Data excerpts

╔══

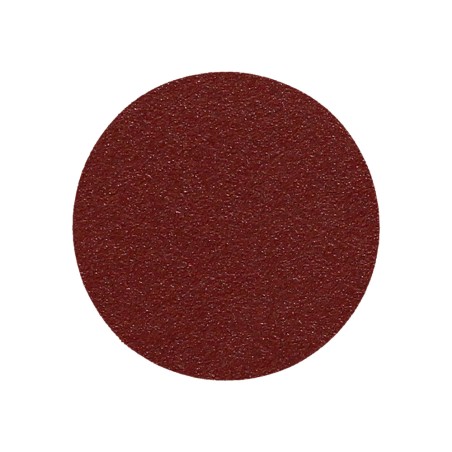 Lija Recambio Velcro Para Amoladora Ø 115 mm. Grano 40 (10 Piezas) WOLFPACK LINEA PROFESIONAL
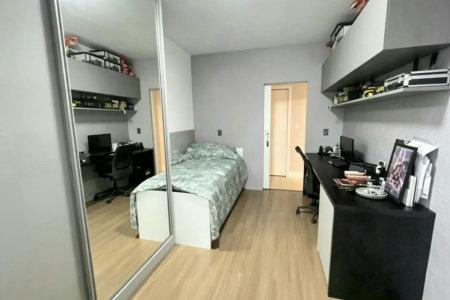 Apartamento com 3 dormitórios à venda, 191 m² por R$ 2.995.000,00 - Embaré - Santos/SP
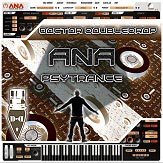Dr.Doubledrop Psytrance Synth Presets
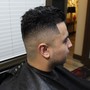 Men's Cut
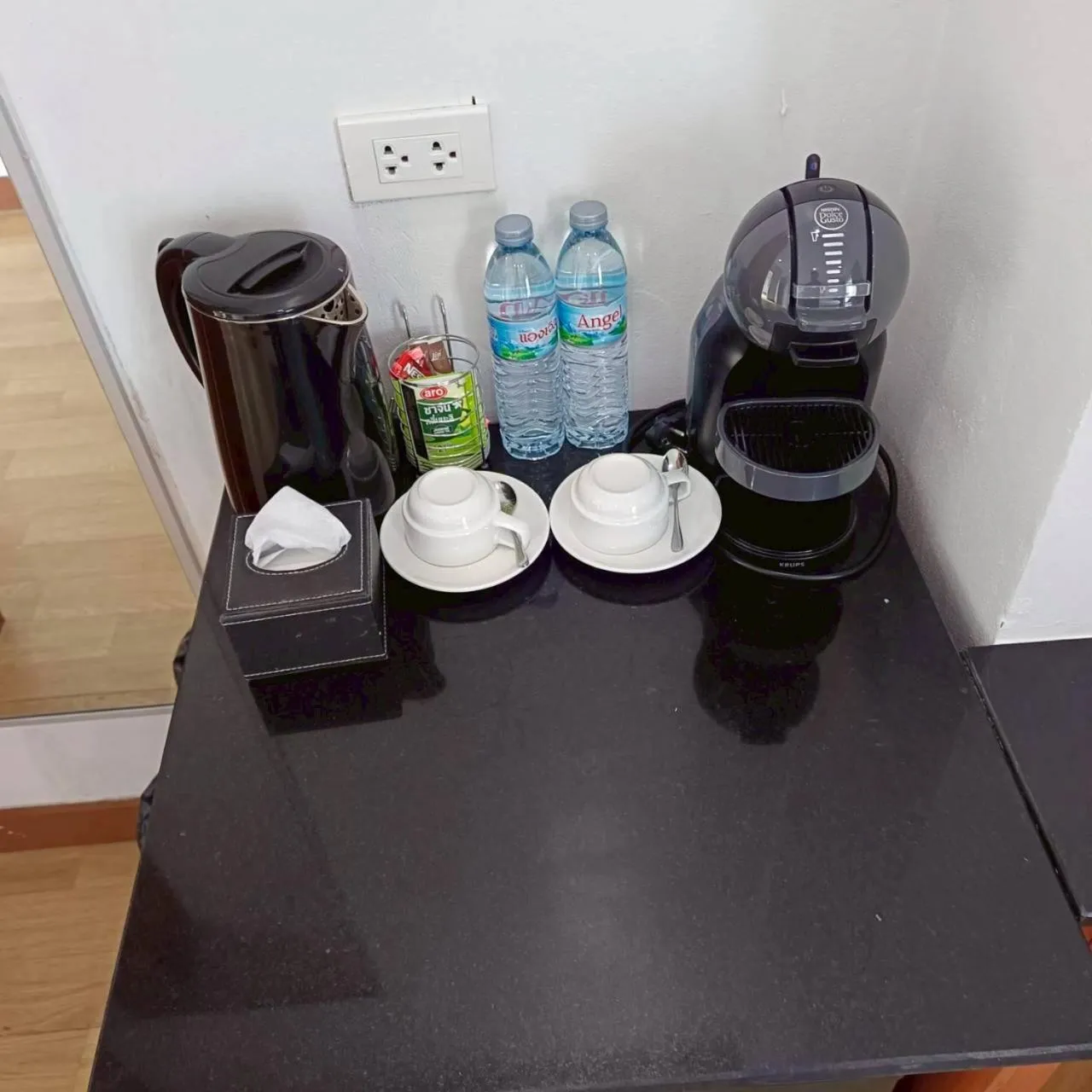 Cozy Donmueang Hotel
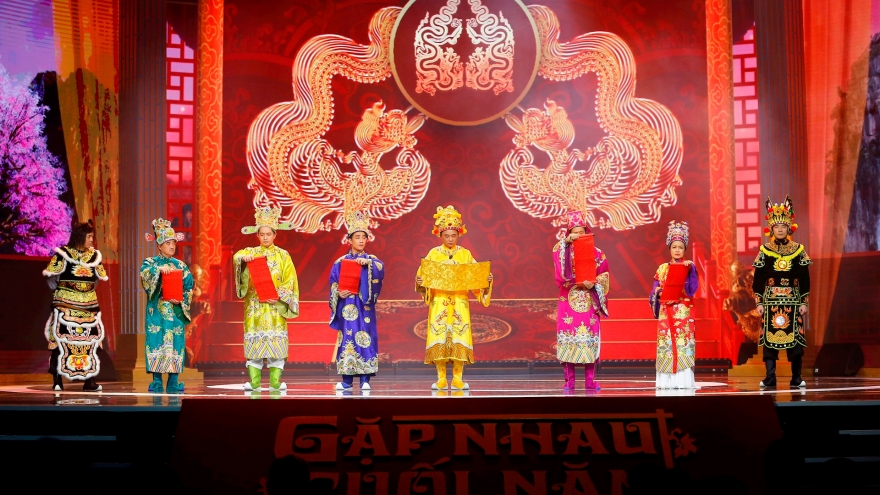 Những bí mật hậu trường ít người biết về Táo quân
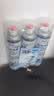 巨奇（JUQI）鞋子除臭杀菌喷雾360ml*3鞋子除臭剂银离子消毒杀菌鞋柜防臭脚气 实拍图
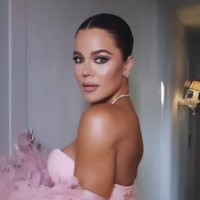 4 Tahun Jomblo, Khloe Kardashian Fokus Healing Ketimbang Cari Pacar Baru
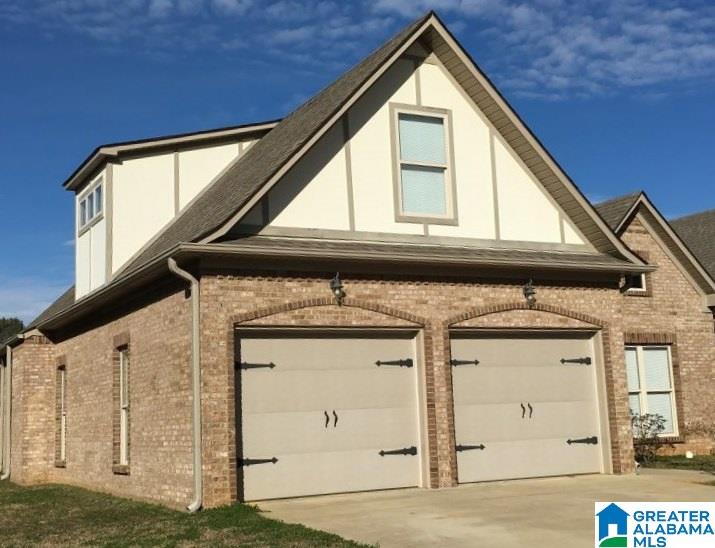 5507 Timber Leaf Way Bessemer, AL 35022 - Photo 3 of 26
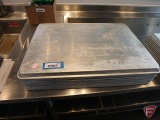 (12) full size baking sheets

╚══

#### Work to complete:
An exact restatement of the entries above is needed; no picture may appear in it.

#### Answer space:
 Lija Recambio Velcro Para Amoladora Ø 115 mm. Grano 40 (10 Piezas) WOLFPACK LINEA PROFESIONAL
 Apartamento com 3 dormitórios à venda, 191 m² por R$ 2.995.000,00 - Embaré - Santos/SP
Dr.Doubledrop Psytrance Synth Presets
 Men's Cut
 Cozy Donmueang Hotel
 Những bí mật hậu trường ít người biết về Táo quân
 巨奇（JUQI）鞋子除臭杀菌喷雾360ml*3鞋子除臭剂银离子消毒杀菌鞋柜防臭脚气 实拍图
 4 Tahun Jomblo, Khloe Kardashian Fokus Healing Ketimbang Cari Pacar Baru
 5507 Timber Leaf Way Bessemer, AL 35022 - Photo 3 of 26
 (12) full size baking sheets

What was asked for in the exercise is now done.